I'm currently in the middle of writing the third (and last book) in the Adventures of Viola Stewart, The Illusioneer & Other Tales. The first story rolled onto the page. In From the Depths, Viola is in Scotland, recovering at a beach resort after her ordeals in Eye of the Beholder. Of course, she is swept up in a series of unexpected events. We meet a new character. This story ended up twice as long as previous shorts. I didn't want it to end.
I started on the next short story, Tomorrow, When I Die. This is a more convoluted story, requiring fiddling of ... (spoilers!) and some fun research on Victorian Christmas traditions. Then it happened. It crept up on me, taking me by surprise; the realisation that this was to be Viola's last set of (traditional) adventures.
("Gasp!" I hear you say.
Never fear, dear Reader, I have a few plans up my sleeve - but that's for another time, another blog.)
About this time, a late bout of dust-induced summer bronchitis hit. I felt like shite. Being ill is certainly not helpful when trying to build up the will-power to wade through the dreaded marshland I designate Writers' Block. I see it as a marshland as it is inconvenient, an impediment to moving forward and I must plan my way to proceed or sink further down.
First find the cause: why do I get writers' block?
I've thought about this in depth (perhaps way too much!). It seems to strike me at two different stages:
- When I'm staring at a blank page. I know the gist of the story. I can usually see the end scene in my head, the mood I want to create. But the words refuse to flow from my brain onto the screen. At this point, I am usually working pen on paper; words seem to flow better with a pen or pencil in my hand.
- when I am nearing the end of a story. I'm finally having fun. The characters are co-operating, even enjoying themselves. Then the penny drops; it has to end. I panic. I don't want it to end. I don't want to leave my characters behind. But I must. Perhaps if I don't write those final words...?
These are things I have to deal with. They are not new. In 2014, I had almost finished the first draft of what I thought would be my first novel, The Department of Curiosities. I had about four scenes to write. Crunch, the writers' block hit me. What was I to do? I started on a short story, (reviving) a character from An Eye to Detail, short listed the year before in Australian Literature Review's murder and mystery short story competition.
The block shifted. I kept writing Viola's s adventures with gusto (There were minor blocks but nothing as long-lasting as that with DOC.) I'm now ready - and can't wait - to return to The Department of Curiosity - my next project after The Illusioneer.
How do I Tackle Writers' Block?
I have a box of story ideas. I keep getting them. Not all are worthy of a full story, but they are there. I usually have at least three (sometimes four or five) stories on the go. When I hit the wall, I redirect my energies toward another story and let the original one bubble away in the background - ensuring I move forward, and not wallow.

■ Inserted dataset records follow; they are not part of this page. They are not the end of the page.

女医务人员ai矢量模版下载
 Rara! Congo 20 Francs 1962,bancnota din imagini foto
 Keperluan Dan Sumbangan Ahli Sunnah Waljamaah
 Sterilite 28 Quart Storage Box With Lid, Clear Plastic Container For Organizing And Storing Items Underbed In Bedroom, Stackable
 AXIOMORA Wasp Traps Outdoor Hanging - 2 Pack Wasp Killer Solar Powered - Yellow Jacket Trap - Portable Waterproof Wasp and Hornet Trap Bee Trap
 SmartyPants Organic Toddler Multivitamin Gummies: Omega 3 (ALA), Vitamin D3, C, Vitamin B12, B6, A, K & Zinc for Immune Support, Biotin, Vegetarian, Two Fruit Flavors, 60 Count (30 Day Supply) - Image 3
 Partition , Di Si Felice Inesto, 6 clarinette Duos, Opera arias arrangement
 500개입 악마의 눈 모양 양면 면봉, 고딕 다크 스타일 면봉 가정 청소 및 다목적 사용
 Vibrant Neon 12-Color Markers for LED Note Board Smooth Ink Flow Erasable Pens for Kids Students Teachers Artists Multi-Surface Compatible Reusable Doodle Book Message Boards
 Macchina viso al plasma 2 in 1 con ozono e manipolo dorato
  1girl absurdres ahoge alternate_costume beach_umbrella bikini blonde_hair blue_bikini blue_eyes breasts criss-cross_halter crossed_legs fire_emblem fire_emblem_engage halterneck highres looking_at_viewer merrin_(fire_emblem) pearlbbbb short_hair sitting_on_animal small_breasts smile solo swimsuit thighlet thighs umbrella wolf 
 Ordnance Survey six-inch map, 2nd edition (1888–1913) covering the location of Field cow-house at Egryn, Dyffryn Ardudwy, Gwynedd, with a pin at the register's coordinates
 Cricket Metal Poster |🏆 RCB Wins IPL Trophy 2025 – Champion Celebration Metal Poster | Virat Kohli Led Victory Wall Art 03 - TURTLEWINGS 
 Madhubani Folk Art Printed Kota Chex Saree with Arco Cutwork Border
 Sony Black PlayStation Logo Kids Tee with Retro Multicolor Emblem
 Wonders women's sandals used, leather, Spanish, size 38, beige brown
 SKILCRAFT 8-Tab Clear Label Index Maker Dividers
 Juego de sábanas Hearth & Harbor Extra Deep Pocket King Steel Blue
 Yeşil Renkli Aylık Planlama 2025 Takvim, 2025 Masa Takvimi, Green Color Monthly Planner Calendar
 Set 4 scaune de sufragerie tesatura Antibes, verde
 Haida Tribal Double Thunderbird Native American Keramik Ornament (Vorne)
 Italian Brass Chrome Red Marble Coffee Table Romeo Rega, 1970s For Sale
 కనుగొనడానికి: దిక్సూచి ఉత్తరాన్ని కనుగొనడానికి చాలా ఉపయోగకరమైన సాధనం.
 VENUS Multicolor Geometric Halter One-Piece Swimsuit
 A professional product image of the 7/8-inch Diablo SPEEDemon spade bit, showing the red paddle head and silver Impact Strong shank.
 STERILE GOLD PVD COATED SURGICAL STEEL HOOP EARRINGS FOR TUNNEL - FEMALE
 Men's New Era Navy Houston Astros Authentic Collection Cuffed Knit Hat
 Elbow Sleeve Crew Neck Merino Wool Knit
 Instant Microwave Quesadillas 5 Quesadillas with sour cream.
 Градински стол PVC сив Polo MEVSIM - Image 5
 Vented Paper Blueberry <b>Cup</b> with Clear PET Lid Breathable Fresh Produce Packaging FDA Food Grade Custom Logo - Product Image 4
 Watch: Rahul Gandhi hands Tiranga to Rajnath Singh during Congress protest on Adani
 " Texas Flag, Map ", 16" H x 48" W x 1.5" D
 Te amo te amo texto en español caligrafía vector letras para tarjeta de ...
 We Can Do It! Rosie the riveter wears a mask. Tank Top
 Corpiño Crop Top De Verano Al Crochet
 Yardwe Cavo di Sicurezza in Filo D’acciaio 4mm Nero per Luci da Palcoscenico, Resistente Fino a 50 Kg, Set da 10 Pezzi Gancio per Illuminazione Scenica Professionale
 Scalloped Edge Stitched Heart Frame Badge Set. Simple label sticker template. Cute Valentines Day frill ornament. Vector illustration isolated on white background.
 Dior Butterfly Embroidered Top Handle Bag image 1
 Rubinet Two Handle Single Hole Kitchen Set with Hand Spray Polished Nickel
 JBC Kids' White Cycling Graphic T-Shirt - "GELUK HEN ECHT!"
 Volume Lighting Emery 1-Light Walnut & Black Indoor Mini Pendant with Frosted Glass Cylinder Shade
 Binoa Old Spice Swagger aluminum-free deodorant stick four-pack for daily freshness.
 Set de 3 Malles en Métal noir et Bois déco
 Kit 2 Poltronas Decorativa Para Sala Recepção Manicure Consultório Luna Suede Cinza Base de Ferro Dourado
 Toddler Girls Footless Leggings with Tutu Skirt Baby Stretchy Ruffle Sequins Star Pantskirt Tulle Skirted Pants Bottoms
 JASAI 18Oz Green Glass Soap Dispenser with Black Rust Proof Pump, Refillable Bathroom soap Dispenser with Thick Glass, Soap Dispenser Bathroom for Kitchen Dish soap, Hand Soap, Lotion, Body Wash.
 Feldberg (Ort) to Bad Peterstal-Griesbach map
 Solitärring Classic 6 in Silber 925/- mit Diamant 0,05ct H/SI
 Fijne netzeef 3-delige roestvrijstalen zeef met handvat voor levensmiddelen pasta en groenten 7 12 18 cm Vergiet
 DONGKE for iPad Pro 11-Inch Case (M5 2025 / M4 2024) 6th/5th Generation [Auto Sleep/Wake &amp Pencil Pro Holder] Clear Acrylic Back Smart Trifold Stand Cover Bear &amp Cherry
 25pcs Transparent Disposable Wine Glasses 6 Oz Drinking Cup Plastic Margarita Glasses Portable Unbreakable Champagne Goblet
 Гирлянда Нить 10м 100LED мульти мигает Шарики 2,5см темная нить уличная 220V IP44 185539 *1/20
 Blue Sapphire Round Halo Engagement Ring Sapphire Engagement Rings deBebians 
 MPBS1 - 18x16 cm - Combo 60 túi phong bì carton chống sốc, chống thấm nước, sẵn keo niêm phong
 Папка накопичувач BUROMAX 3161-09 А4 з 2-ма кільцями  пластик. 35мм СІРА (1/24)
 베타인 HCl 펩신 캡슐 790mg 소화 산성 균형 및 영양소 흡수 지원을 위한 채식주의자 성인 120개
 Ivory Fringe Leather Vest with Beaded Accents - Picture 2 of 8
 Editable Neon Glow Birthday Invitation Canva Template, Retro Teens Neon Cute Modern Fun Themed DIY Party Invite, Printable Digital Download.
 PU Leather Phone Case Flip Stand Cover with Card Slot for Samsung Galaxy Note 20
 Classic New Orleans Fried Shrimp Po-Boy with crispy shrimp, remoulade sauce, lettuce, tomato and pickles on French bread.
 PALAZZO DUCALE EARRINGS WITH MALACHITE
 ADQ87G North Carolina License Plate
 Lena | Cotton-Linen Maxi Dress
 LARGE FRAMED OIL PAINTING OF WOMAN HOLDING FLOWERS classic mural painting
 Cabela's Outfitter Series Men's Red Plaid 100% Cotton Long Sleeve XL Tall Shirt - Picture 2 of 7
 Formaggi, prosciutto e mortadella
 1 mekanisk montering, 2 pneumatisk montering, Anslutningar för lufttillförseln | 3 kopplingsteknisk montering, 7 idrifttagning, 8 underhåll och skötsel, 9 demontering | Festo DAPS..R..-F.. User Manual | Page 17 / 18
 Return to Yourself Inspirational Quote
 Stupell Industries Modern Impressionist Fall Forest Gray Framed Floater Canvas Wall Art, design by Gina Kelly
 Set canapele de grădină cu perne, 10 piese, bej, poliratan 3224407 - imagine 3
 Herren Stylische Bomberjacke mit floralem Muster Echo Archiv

This time I was side-tracked onto a story to submit to a (absent) Sherlock Holmes anthology: write a story in the Holmes mileaux, sans Sherlock himself.
Bang! The main character was there. Her enthusiasm was contagious. I could see, hear, smell the final scene. This short is now being polished with final edits and about to be submitted. Wish me luck. (And another series is born. I can't wait to write another story with my new detective and her soon-to-be-drafted side-kick. Though I need to finish The Illusioneer and the DOC first.)
Short stories are fantastic. They give me a brief holiday from my main project, just enough time to let the original story gurgle back up to the surface.
April is Camp NaNoWriMo and I'm ready to plunge Viola back into her adventures. I hope you'll join the ride.